From the listing below, copy only the lines from the line that contains "Fototapet vlies IADX7-047" to the line that contains "MIRIS No. 35994, Inspired", counting those two lines as part of the copy.

> [MATERIAL FOR THIS TASK]:
++++++++++

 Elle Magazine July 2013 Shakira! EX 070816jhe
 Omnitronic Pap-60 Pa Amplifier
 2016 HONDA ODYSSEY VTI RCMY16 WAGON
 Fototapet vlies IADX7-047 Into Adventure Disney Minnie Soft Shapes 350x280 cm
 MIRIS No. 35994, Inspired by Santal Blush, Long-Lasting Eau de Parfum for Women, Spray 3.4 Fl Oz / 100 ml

++++++++++

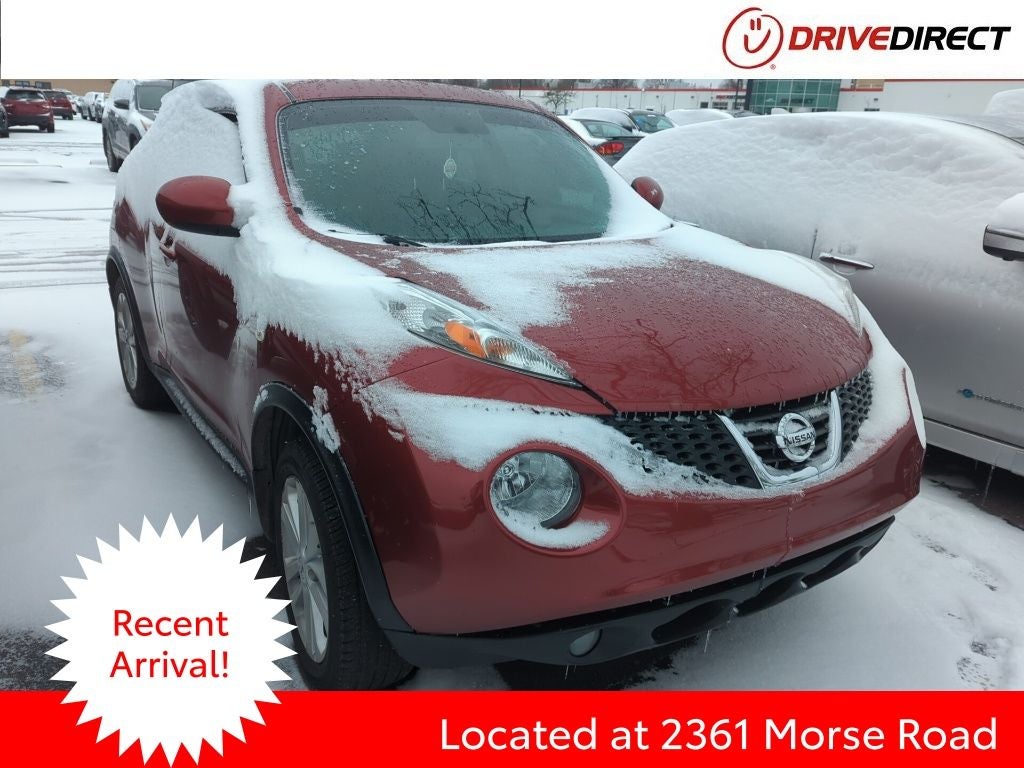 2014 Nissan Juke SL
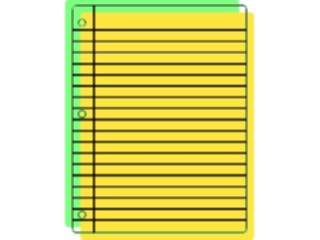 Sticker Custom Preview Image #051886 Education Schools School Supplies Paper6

++++++++++

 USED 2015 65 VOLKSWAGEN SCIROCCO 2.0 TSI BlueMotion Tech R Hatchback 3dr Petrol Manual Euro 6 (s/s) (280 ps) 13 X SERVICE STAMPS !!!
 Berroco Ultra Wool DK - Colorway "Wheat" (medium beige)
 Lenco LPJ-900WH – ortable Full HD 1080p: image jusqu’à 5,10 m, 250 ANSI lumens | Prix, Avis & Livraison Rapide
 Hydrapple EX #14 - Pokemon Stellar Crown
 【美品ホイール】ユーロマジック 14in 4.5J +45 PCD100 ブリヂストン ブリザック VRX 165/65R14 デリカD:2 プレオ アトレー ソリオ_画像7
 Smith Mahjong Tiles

++++++++++

> [ANSWER TO THIS TASK]:
 Fototapet vlies IADX7-047 Into Adventure Disney Minnie Soft Shapes 350x280 cm
 MIRIS No. 35994, Inspired by Santal Blush, Long-Lasting Eau de Parfum for Women, Spray 3.4 Fl Oz / 100 ml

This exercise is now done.